7 Чиновники, военнослужащие, учащиеся в Российской Империи должны были ежегодно предоставлять свидетельство о говении.
8 Сходный образ и у оппонента: ‘…в терзаемой плоти матерней, в кровях матерних рождается младенец, сила отделения, отталкивания необходима ему, чтобы родиться’. Но вывод прямо противоположный: ‘Рождение подобно убийству’, т. е. для жизни ‘новой церкви’ нужно убить старую (Мережковский Д. Собр. соч. Грядущий Хам. М., 2004. С. 314.).
99 января 1905 — самый страшный и великий день в истории России: крестный ход православного народа к царю с требованием установить жизнь в стране согласно с Божескими законами был расстрелян по приказанию великих князей при попустительстве императора.
10Эрн Владимир Францевич (1882—1917) — философ, создатель (вместе со Свенцицким) Христианского братства борьбы и Московского религиозно-философского общества памяти Вл. Соловьёва.
11Окружное послание (энциклика) — обращение архипастырей к народу в особенно важных обстоятельствах, требующих внимание всей Церкви.
Друзья указывали епископам ‘на необходимость немедленно, не дожидаясь, когда надвигающаяся буря стихийно охватит всю русскую жизнь’, выступить ‘в защиту всех справедливых христианских требований, выдвинутых освободительным движением, и тем встать впереди движения, сделать его христианским’ (Свенцицкий В. Собр. соч. Т. 2. С. 42). Текст воззвания см.: Свенцицкий В. Собр. соч. Т. 1. М., 2008. С. 99-102.
12Перцов Пётр Петрович (1868—1947) — публицист, искусствовед, ред. журнала ‘Новый путь’. Встреча состоялась в ‘Пале-Рояле’ (Пушкинская ул., д. 20), где он снимал квартиру.
13Свенцицкий Болеслав Давид Карлович (1832—1896) — потомственный дворянин, присяжный поверенный. За разрешением на развод с первой женой (сбежала, бросив пятерых детей) обращался к папе римскому. ‘В праздники дома принимали и православного священника, и ксёндза’ (Свенцицкая М. Отец Валентин // Надежда. 1984. Вып. 10. С. 186).
14Эрн Франц Карлович (?—1913) — управляющий Тифлисским аптечным складом, лютеранин, судя по письмам к сыну, глубоко верующий.

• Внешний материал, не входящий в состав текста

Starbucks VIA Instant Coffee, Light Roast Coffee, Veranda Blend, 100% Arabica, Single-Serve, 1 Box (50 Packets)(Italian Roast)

15 Ср.: ‘В. В. Розанов, нагло помалкивая и блистая очками, коленкой плясал, он осведомился пребрезгливо: ‘Свентицкий… Поляк вы? Эрн — немец?’ — ‘По происхождению — да’. — ‘Поляк с немцем’. И выплюнул: по отношению к Синоду: ‘Навозная куча была и осталась, раскапывать — вонь подымать, навоняет в нос всем… И только…’ Проект… со всех позиций разобранный, был отклонён… как героизм совершенно бесцельный и вредный, срывающий подготовление к борьбе’ (Белый А. Начало века. М., 1990. С. 494-495). А. В. Карташёв вспоминал: ‘Всё было затушевано шумным переходом к русскому чаю. И вся затея была забыта’ (Православная мысль. Вып. 8. Париж, 1951. С. 50).
16Тернавцев Валентин Александрович (1866—1940) — чиновник для особых поручений при обер-прокуроре Синода.
Ср.: ‘— С еретиками церемониться нечего! — воскликнул при мне однажды мой давнишний приятель, служащий в синоде, человек пламенно верующий, добрый и умный.
— Что значит: не церемониться? На кострах жечь, что ли?
— А хотя бы и на кострах.
— И меня сожгли бы?
— И вас, если бы вы оказались врагом церкви, — улыбнулся он ясной улыбкой и повел меня смотреть золотых рыбок, купленных для аквариума, которым забавлялся, как дитя. …Эти золотые рыбки превратились для меня в золотые угли костра’ (Мережковский Д. Собр. соч. Грядущий Хам. М., 2004. С. 311-312).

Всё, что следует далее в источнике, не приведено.